Exercise instructions:
In the entries below, find the line with "Junge Mädchen mit" and the line with "Cozy RV rental"; give again those lines and every line between them, exactly.

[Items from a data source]

------------------------------------------------

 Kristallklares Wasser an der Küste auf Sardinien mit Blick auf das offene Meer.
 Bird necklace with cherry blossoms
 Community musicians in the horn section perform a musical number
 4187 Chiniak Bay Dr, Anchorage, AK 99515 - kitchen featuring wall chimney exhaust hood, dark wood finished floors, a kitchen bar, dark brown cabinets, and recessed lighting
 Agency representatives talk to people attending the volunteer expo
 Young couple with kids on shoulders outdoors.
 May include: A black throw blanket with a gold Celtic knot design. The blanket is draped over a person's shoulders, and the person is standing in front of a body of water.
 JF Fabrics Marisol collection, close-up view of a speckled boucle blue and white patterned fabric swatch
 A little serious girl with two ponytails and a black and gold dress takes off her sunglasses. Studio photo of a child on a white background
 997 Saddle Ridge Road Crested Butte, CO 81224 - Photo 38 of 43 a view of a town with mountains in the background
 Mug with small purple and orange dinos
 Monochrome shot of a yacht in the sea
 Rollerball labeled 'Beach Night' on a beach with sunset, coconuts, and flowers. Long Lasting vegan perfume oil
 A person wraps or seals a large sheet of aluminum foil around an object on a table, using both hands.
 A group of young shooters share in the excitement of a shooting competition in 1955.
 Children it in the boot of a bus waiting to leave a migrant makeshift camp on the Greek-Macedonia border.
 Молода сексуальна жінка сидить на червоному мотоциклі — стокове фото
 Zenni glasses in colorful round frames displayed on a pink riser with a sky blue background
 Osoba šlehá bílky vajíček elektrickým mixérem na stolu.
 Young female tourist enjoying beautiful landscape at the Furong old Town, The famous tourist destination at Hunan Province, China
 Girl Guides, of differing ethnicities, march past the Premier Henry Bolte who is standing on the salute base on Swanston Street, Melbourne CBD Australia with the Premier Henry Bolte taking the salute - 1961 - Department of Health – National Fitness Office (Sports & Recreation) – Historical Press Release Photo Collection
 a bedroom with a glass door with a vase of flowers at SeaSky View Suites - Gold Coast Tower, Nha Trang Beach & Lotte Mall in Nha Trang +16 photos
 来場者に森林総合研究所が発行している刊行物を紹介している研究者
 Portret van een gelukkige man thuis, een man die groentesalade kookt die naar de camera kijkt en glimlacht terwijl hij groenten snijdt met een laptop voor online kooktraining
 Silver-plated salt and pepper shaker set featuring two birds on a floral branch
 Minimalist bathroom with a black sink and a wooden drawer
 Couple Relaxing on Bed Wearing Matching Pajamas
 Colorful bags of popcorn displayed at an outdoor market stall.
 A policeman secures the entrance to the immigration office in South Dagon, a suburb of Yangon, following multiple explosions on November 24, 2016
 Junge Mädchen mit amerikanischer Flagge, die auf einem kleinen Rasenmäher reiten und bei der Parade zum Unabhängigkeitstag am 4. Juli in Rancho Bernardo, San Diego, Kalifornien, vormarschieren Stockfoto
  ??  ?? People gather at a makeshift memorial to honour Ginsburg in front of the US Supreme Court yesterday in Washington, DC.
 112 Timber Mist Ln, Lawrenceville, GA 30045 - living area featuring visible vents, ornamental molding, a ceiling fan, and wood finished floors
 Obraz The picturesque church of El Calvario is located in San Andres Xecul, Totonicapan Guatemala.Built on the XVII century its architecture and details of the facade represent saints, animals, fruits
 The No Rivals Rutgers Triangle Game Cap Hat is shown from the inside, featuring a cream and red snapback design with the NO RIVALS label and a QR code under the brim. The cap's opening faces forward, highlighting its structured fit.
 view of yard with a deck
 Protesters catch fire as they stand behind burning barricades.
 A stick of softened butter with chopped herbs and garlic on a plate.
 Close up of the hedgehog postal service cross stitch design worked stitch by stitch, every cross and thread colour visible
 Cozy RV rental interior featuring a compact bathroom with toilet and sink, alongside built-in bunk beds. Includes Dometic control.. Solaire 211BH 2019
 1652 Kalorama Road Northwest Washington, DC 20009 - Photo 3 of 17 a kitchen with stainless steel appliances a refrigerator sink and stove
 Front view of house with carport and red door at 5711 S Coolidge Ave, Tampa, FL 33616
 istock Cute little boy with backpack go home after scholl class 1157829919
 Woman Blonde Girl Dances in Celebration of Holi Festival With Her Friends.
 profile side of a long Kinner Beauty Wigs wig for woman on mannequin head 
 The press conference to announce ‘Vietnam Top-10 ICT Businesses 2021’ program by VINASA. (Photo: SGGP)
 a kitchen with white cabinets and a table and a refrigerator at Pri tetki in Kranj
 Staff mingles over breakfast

------------------------------------------------

Solution to this exercise:
 Junge Mädchen mit amerikanischer Flagge, die auf einem kleinen Rasenmäher reiten und bei der Parade zum Unabhängigkeitstag am 4. Juli in Rancho Bernardo, San Diego, Kalifornien, vormarschieren Stockfoto
  ??  ?? People gather at a makeshift memorial to honour Ginsburg in front of the US Supreme Court yesterday in Washington, DC.
 112 Timber Mist Ln, Lawrenceville, GA 30045 - living area featuring visible vents, ornamental molding, a ceiling fan, and wood finished floors
 Obraz The picturesque church of El Calvario is located in San Andres Xecul, Totonicapan Guatemala.Built on the XVII century its architecture and details of the facade represent saints, animals, fruits
 The No Rivals Rutgers Triangle Game Cap Hat is shown from the inside, featuring a cream and red snapback design with the NO RIVALS label and a QR code under the brim. The cap's opening faces forward, highlighting its structured fit.
 view of yard with a deck
 Protesters catch fire as they stand behind burning barricades.
 A stick of softened butter with chopped herbs and garlic on a plate.
 Close up of the hedgehog postal service cross stitch design worked stitch by stitch, every cross and thread colour visible
 Cozy RV rental interior featuring a compact bathroom with toilet and sink, alongside built-in bunk beds. Includes Dometic control.. Solaire 211BH 2019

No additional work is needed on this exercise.